Instructions to follow: In the entries below, find the line containing "Carson Dellosa 78Piece". Copy it and all lines after it, exactly, through the end.

*** Opening Given information ***

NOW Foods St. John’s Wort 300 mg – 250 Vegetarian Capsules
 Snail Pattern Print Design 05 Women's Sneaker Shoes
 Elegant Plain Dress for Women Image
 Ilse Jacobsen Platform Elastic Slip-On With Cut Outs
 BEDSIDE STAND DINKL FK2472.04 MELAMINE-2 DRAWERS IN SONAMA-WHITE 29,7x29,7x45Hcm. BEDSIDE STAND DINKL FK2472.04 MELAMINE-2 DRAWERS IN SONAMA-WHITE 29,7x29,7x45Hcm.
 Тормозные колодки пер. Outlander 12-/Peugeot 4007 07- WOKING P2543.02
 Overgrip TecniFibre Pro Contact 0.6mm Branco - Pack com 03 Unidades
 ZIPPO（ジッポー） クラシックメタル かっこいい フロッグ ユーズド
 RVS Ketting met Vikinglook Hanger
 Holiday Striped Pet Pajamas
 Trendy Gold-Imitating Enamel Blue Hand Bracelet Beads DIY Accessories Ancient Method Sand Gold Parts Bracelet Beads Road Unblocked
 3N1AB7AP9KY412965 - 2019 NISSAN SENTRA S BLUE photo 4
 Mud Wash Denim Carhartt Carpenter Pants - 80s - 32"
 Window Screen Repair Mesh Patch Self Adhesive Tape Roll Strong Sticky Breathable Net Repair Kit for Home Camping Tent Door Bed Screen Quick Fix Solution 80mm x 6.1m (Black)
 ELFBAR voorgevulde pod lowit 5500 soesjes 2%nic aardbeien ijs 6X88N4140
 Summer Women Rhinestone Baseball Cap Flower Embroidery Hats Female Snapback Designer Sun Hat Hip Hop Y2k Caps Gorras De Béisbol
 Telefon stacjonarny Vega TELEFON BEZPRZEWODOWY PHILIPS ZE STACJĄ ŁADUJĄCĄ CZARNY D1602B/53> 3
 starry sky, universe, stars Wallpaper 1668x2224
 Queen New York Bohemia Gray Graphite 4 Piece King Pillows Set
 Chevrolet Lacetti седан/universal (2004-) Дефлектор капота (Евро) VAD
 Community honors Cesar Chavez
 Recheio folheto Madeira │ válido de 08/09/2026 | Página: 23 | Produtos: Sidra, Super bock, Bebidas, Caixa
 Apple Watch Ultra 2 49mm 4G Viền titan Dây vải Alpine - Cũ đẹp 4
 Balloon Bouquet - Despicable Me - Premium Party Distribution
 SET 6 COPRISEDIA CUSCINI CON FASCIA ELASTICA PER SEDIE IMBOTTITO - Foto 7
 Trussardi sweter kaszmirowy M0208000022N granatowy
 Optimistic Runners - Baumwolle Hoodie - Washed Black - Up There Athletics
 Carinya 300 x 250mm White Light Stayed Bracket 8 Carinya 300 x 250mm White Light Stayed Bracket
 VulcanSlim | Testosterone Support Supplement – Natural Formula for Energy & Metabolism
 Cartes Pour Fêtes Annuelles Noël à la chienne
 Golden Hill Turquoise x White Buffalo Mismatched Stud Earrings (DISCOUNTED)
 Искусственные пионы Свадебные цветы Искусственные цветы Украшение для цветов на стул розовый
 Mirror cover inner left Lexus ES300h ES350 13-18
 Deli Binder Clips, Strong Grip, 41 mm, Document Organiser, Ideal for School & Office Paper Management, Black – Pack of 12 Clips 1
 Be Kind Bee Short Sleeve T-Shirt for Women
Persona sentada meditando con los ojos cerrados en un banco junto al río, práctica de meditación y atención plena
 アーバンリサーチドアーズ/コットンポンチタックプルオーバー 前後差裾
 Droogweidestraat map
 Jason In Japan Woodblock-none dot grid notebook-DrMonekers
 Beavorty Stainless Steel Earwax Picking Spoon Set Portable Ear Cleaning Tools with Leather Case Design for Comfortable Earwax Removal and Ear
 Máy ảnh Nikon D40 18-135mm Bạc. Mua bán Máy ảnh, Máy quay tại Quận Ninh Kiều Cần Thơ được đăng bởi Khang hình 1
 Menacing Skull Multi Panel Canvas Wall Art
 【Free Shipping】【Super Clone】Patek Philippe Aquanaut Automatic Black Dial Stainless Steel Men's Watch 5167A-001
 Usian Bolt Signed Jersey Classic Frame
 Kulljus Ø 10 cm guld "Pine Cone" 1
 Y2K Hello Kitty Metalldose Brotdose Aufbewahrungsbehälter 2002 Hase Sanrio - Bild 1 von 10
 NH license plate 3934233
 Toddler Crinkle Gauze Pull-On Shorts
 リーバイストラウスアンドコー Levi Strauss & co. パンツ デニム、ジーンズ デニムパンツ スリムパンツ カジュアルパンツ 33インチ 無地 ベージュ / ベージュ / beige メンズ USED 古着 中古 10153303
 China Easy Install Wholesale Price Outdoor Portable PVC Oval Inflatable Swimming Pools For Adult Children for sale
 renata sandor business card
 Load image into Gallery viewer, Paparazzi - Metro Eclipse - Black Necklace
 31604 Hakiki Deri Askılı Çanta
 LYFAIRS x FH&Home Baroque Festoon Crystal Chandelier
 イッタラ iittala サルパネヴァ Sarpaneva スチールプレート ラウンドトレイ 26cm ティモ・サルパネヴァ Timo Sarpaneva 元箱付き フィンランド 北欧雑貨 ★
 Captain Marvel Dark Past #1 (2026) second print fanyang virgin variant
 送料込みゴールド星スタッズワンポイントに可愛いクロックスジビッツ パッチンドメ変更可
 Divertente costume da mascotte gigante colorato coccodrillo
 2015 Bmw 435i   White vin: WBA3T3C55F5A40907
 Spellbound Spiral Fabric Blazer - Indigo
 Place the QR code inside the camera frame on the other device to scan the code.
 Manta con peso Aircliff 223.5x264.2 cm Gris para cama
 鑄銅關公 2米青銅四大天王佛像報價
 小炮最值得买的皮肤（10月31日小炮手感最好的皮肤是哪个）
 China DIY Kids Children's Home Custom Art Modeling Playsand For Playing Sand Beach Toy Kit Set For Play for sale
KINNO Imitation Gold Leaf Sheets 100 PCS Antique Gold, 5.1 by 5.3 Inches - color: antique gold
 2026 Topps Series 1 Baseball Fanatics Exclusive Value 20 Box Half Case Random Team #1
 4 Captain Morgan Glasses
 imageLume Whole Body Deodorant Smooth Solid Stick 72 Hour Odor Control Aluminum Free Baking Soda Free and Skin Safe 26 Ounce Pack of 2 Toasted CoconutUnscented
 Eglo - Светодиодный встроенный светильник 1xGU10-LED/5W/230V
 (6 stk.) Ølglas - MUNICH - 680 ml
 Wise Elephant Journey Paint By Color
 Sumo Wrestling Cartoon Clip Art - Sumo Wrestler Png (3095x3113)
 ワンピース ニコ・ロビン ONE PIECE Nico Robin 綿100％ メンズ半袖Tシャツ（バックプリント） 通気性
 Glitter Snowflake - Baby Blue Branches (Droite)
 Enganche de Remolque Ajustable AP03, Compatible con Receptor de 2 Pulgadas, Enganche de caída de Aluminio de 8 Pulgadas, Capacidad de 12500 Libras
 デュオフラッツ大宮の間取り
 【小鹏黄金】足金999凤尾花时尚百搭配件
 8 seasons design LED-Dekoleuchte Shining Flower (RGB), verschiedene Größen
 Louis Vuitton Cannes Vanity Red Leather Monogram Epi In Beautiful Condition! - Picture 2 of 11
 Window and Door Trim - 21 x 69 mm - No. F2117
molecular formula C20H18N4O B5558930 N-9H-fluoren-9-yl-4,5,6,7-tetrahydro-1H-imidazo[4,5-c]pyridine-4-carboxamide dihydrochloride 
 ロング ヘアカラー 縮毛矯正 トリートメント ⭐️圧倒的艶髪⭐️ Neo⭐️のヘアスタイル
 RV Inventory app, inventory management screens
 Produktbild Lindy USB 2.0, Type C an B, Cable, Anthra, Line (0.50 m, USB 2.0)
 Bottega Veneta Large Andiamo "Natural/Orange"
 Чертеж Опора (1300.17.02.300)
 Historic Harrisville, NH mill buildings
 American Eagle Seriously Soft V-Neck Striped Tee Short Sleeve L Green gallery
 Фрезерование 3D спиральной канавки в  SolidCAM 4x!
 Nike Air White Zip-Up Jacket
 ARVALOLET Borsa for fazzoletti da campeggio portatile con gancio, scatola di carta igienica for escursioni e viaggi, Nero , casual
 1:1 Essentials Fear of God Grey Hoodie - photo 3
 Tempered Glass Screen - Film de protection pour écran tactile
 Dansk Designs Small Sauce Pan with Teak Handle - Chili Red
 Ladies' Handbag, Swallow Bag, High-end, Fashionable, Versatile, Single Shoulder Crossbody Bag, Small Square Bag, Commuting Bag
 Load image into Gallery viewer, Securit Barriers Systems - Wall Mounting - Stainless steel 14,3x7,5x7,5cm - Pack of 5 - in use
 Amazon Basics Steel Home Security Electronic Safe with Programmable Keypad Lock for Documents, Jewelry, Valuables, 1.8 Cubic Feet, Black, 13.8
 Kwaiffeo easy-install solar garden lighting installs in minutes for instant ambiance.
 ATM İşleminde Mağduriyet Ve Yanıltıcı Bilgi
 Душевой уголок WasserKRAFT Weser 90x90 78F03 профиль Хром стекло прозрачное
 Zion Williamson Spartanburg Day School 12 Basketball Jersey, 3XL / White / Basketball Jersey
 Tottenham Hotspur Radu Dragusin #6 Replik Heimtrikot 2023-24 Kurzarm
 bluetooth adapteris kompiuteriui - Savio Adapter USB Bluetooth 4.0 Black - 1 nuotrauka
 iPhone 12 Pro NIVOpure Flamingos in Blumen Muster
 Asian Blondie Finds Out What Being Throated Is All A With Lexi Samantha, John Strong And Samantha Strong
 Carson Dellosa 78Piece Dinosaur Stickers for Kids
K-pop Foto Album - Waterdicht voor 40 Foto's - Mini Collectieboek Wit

*** Closing Given information ***

Solution to this exercise:
 Carson Dellosa 78Piece Dinosaur Stickers for Kids
K-pop Foto Album - Waterdicht voor 40 Foto's - Mini Collectieboek Wit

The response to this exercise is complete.